SEATTLE – Somewhere in Western Washington resides a former Blackwater contractor who might under normal circumstances be on trial for the high-profile killing of an Iraqi in Baghdad’s Green Zone.

But federal officials say he’s not in custody. They barely acknowledge his existence, let alone release his name or discuss the status of the investigation.

The shadowy case highlights the murky legal issues surrounding the controversial security firm’s Iraq-based employees, who may be exempt from both U.S. and Iraqi law.

“What normally would be a major option would be to have him prosecuted in Iraq,” said Ron Slye, director of the international comparative law program at Seattle University Law School. “The problem is of course, under Iraqi law as put into place by the U.S., there’s no jurisdiction over these people.”

The Blackwater worker, 26, was wandering drunk around the Green Zone after a party last Christmas Eve when he encountered – and fatally shot – a 32-year-old guard to Iraqi Vice President Adel Abdul Mehdi, according to a congressional report released this week.
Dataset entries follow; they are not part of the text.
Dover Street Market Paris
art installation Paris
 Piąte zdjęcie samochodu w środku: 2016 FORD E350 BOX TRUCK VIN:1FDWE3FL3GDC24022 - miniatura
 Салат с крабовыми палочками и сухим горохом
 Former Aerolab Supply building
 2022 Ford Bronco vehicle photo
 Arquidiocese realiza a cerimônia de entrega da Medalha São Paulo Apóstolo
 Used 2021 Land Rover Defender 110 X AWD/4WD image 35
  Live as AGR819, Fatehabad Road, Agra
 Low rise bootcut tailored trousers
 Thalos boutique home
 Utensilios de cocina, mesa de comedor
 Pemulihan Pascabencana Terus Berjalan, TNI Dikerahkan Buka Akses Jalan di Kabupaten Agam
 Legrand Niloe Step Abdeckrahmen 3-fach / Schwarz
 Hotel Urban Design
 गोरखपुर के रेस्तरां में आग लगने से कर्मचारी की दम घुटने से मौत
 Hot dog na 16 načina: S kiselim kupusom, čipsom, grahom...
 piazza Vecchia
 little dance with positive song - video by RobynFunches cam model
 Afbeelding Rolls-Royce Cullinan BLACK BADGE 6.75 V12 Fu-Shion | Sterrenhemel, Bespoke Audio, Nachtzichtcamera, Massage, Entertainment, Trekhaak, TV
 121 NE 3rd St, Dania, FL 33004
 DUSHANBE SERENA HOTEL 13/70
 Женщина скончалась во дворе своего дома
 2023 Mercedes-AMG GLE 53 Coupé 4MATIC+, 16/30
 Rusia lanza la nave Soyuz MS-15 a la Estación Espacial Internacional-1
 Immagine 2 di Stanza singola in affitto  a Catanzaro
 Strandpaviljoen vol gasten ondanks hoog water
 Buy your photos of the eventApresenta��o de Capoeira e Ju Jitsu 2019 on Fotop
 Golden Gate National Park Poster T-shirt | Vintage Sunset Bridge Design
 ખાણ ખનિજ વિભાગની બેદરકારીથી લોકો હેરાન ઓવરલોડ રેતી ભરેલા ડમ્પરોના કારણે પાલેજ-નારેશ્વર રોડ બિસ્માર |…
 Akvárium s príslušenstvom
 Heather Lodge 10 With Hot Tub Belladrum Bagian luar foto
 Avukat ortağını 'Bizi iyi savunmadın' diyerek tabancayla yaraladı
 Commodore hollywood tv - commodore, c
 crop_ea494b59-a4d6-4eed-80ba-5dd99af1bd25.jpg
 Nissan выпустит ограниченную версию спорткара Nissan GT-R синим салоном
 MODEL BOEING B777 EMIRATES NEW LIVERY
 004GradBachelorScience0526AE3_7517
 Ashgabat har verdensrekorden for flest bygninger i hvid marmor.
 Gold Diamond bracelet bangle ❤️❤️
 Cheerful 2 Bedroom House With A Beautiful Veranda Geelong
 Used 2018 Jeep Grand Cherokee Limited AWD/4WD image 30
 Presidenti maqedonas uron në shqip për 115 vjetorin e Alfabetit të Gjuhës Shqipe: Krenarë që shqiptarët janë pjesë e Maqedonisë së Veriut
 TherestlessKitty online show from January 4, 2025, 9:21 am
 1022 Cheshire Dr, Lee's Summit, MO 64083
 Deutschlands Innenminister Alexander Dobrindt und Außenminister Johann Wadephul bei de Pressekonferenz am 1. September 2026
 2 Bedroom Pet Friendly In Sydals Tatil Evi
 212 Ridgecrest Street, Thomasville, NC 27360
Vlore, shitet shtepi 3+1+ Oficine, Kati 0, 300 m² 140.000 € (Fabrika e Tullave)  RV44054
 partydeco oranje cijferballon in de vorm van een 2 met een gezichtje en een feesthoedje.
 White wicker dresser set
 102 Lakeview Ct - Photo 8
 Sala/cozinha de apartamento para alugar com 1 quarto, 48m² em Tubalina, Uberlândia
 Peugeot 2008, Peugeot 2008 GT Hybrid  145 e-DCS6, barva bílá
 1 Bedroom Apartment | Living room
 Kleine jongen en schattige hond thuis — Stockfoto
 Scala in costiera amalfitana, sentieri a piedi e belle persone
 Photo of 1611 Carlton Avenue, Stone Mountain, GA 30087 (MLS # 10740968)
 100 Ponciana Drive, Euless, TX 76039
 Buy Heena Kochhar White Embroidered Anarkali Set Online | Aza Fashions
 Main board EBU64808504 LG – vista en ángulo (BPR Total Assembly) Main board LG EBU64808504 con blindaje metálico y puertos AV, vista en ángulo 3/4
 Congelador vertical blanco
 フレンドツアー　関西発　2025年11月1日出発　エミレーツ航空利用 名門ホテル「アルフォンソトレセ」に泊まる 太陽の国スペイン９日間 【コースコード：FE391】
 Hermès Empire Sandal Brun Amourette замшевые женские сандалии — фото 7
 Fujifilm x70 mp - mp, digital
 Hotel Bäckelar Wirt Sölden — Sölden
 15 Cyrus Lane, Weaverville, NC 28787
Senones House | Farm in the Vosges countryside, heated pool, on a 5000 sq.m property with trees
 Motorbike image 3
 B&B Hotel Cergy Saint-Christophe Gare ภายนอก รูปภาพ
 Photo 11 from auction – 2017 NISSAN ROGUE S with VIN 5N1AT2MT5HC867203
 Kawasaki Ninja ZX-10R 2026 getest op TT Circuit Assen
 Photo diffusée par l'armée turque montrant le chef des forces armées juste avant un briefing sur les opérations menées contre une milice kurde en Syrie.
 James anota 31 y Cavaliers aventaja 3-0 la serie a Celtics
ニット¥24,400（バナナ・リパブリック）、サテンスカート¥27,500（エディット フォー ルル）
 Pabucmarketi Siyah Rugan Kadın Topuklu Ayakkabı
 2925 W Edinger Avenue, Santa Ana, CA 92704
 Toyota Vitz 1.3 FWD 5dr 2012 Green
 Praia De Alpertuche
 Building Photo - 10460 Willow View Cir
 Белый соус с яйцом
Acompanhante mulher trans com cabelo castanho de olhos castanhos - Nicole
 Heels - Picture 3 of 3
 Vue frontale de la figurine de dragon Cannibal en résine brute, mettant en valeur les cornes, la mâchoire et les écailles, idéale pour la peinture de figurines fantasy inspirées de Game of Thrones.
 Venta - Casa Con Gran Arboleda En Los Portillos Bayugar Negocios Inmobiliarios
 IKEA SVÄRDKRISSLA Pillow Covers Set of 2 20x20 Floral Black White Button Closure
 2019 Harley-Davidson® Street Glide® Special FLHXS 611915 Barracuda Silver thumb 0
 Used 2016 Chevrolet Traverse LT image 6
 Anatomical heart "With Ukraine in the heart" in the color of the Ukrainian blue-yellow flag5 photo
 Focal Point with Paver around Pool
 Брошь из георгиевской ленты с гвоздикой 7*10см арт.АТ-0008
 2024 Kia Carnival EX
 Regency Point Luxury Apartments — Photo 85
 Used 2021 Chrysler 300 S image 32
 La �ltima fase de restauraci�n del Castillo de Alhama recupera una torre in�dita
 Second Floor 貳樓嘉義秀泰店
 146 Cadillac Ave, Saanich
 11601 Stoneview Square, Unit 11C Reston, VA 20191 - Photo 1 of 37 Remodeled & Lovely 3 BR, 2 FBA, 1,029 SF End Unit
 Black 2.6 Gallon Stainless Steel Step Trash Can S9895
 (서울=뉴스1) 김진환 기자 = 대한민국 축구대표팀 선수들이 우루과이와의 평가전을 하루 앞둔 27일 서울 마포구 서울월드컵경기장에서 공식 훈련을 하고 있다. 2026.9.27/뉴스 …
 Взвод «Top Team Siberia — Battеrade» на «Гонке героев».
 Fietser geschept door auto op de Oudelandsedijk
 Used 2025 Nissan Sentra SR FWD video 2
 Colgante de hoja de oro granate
Blackwater immediately arranged to have the State Department fly him back to the United States, fired him and fined him, and paid the slain guard’s family $15,000.

Amid an outcry from Iraqis who questioned how an American could kill someone in those circumstances and return to the U.S. a free man, the Justice Department announced it would investigate.

The case has been turned over to the U.S. attorney’s office for Western Washington, where the man lives, Bush administration officials told the Associated Press, speaking on the condition of anonymity.

Mark Bartlett, the first assistant U.S. attorney in Seattle, said Tuesday he had no comment.